> **WORK TASK**:
These records contain pictures, which must be left out; copy exactly the lines from the one with "Scheenbeschermers Set - Voetbal" up to and including the one with "A festive scene".

═════ DATASET EXCERPTS ═════

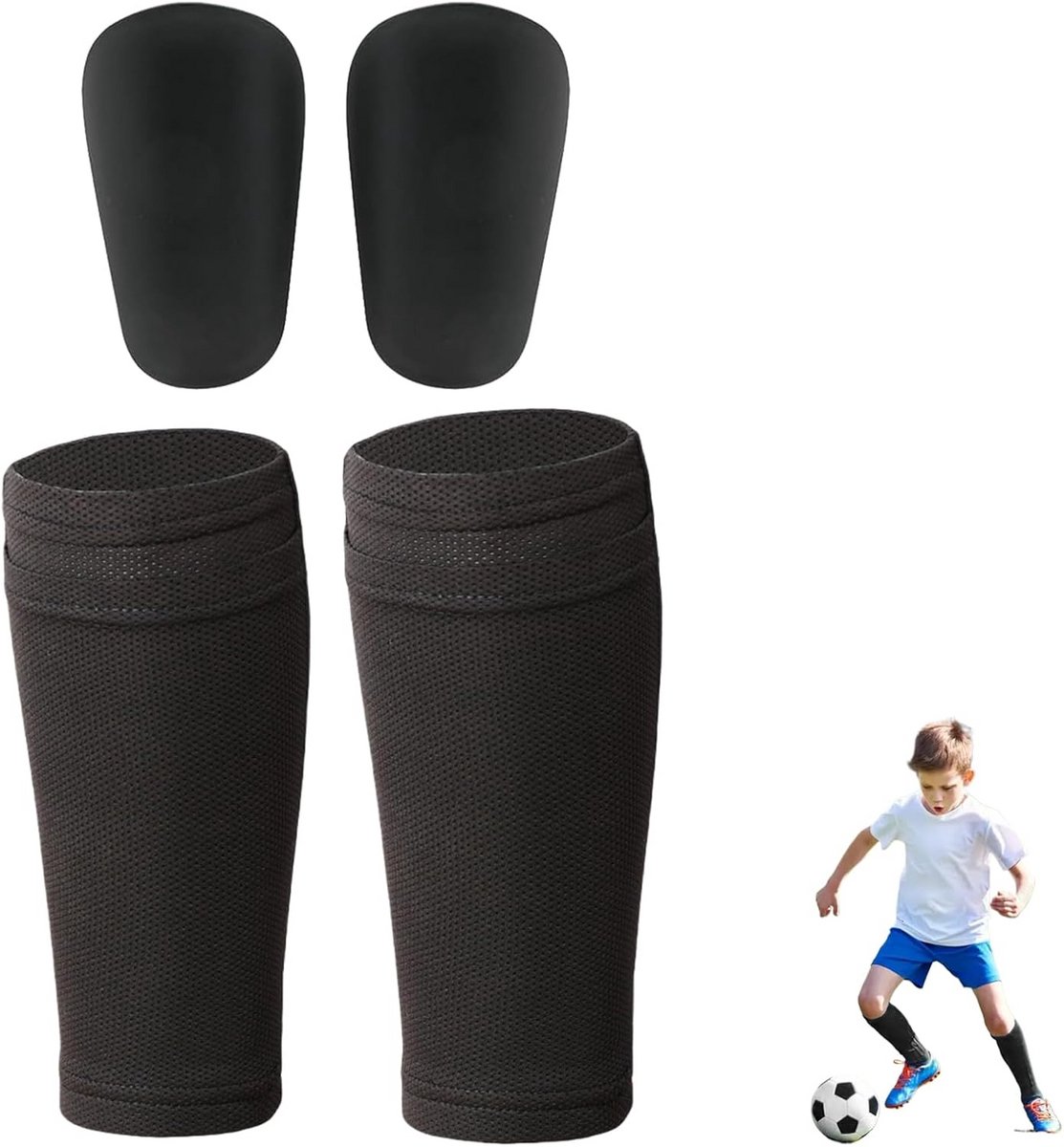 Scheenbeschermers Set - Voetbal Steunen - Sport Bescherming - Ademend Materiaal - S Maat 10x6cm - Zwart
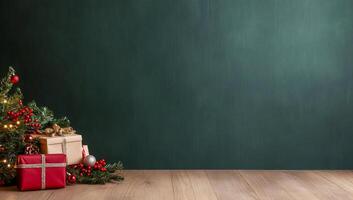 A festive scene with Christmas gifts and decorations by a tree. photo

═════
═════ DATASET EXCERPTS ═════

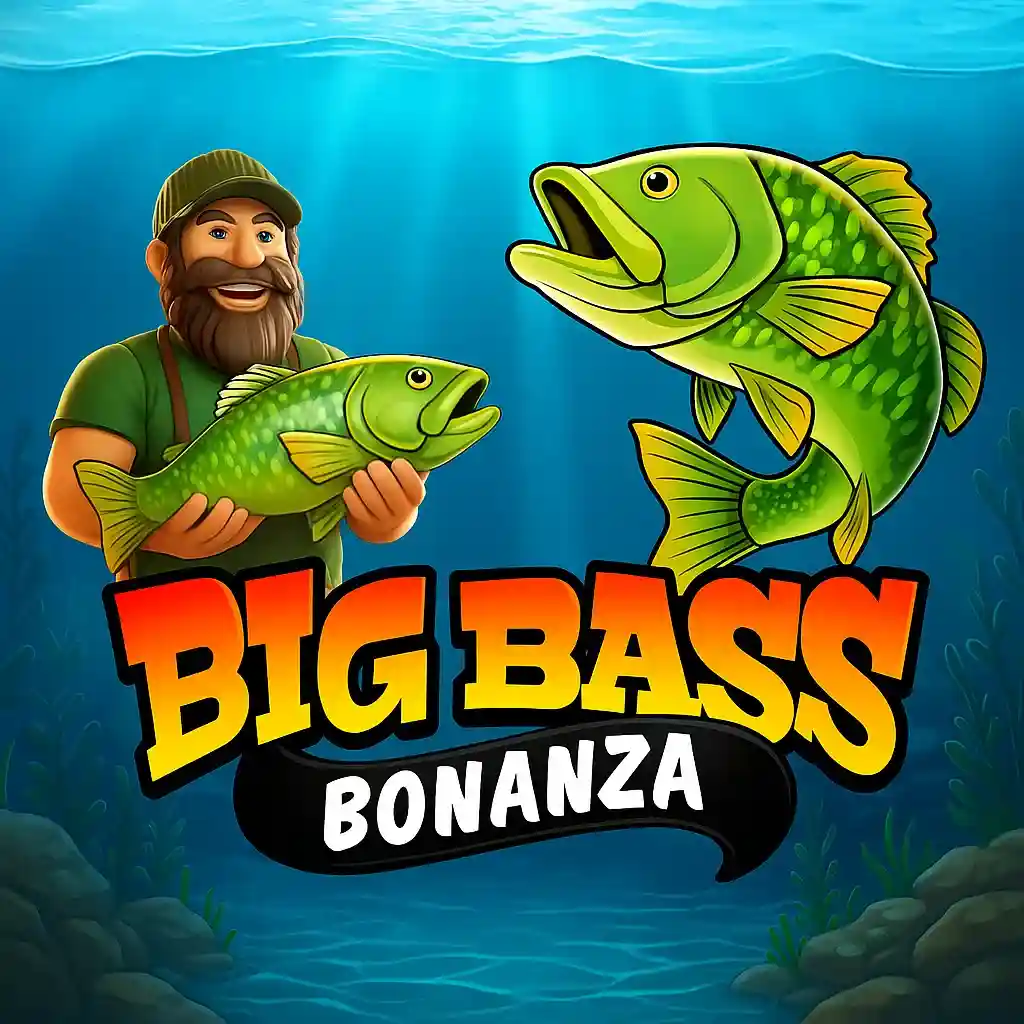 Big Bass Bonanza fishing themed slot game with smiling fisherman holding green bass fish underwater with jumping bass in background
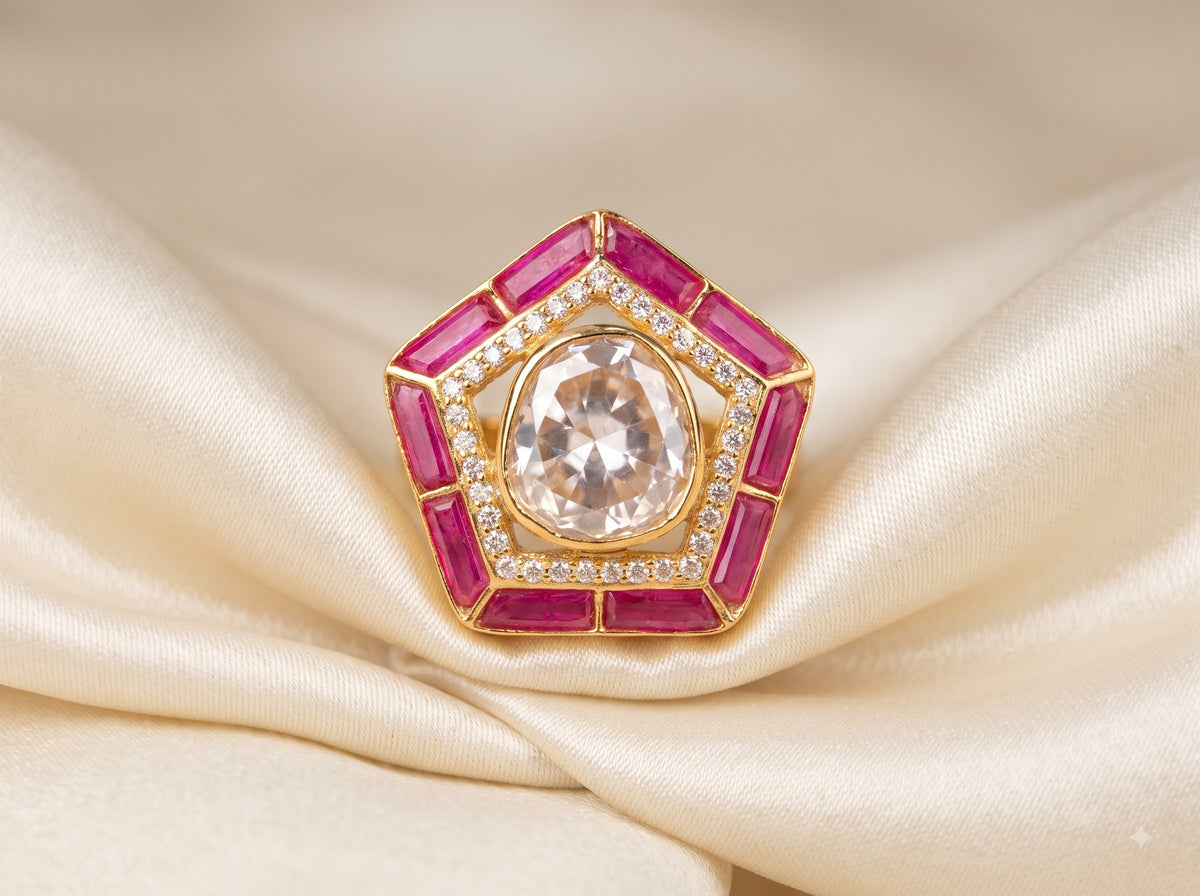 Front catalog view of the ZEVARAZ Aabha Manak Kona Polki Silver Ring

═════
═════ DATASET EXCERPTS ═════

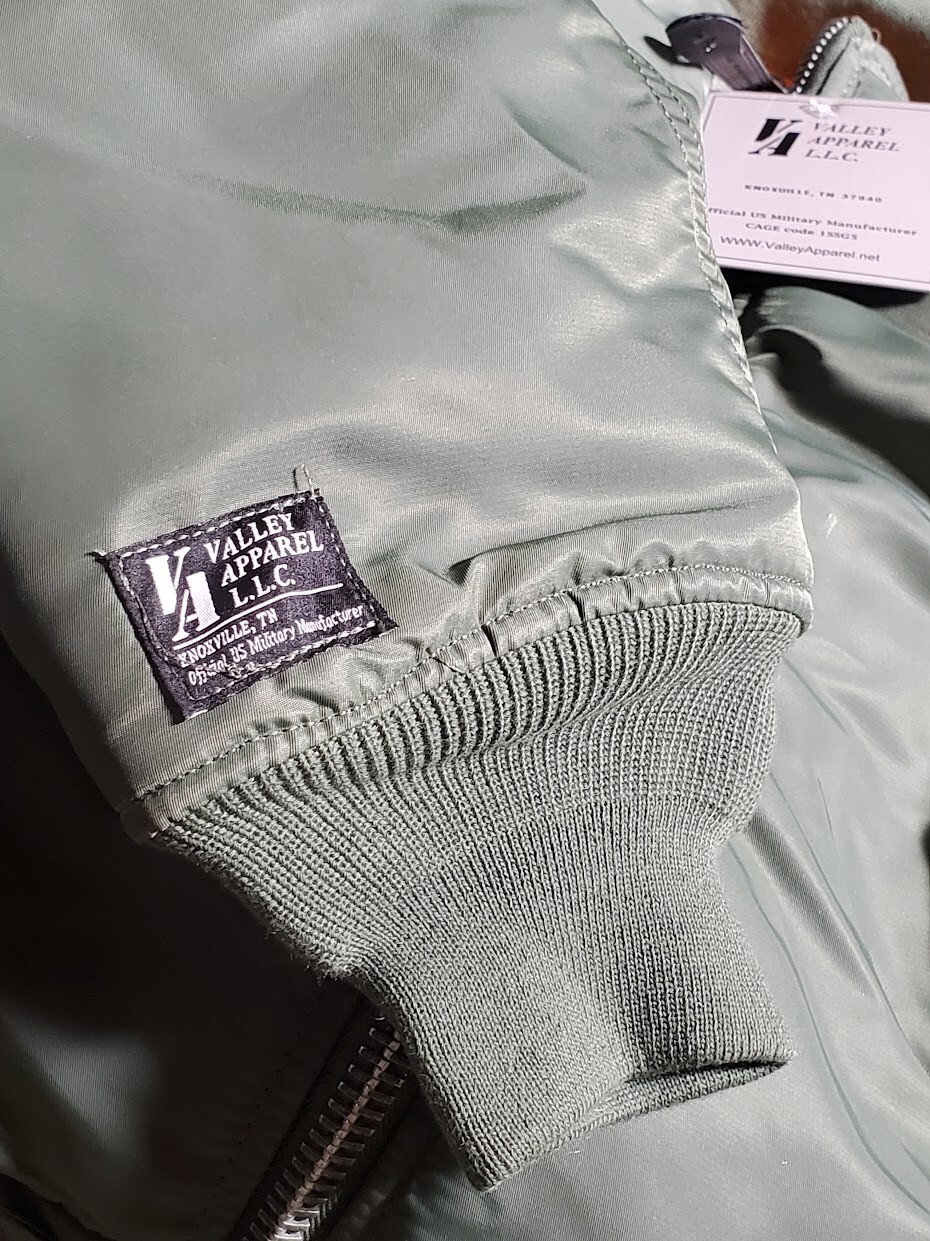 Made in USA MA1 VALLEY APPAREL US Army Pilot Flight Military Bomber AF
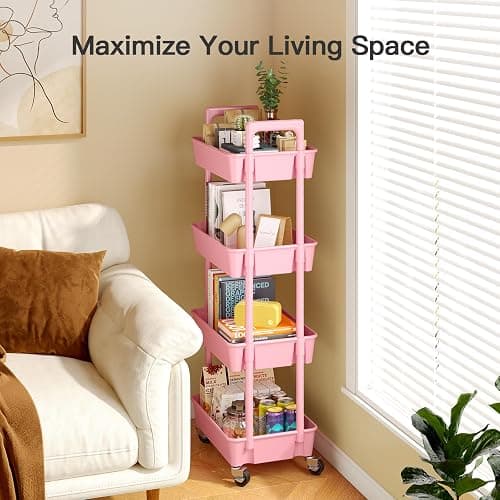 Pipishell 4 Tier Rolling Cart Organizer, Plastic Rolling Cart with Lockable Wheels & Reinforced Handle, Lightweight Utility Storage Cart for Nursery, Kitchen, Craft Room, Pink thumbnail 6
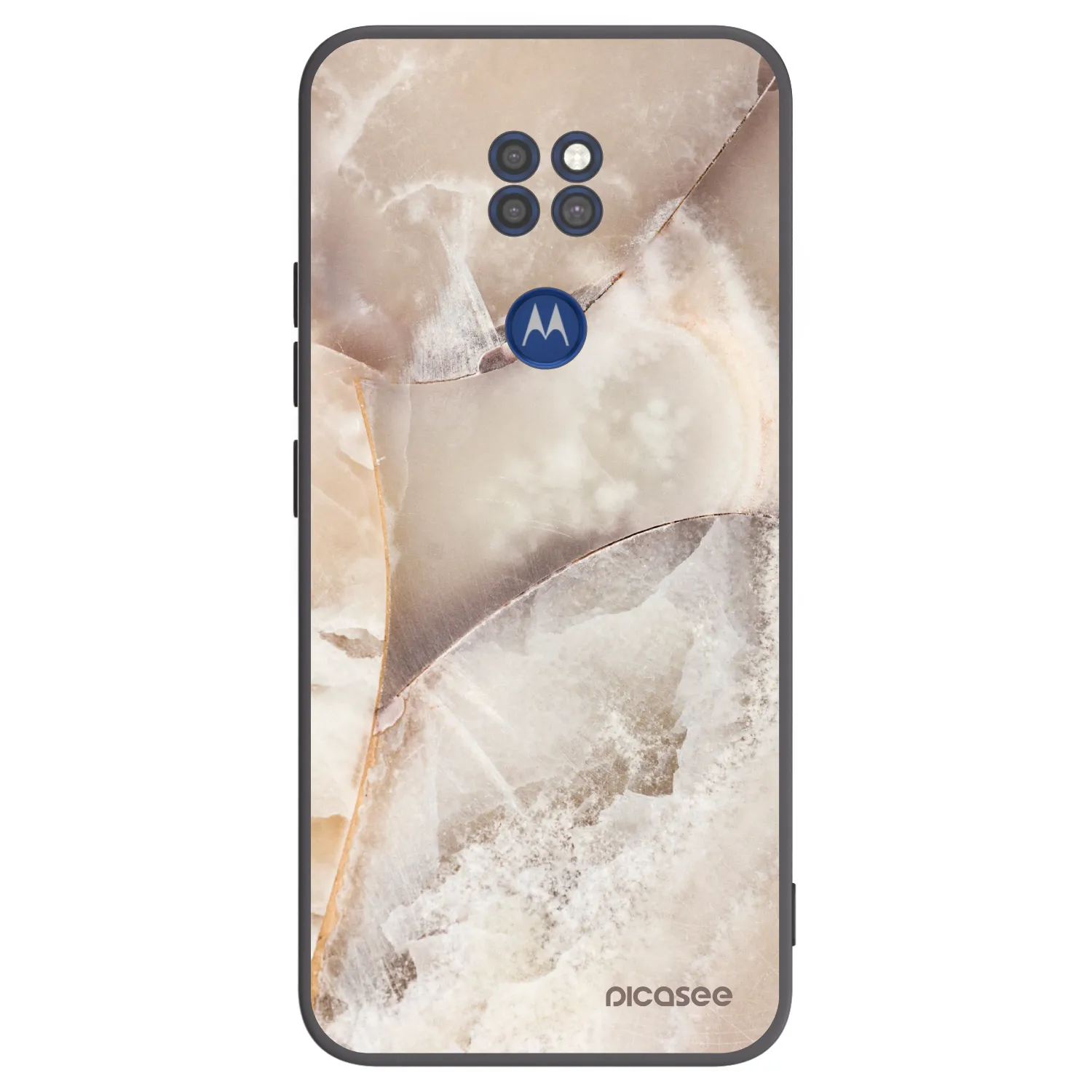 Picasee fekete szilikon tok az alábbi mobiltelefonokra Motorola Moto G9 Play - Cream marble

═════

> **ANSWER TO THIS TASK**:
 Scheenbeschermers Set - Voetbal Steunen - Sport Bescherming - Ademend Materiaal - S Maat 10x6cm - Zwart
 A festive scene with Christmas gifts and decorations by a tree. photo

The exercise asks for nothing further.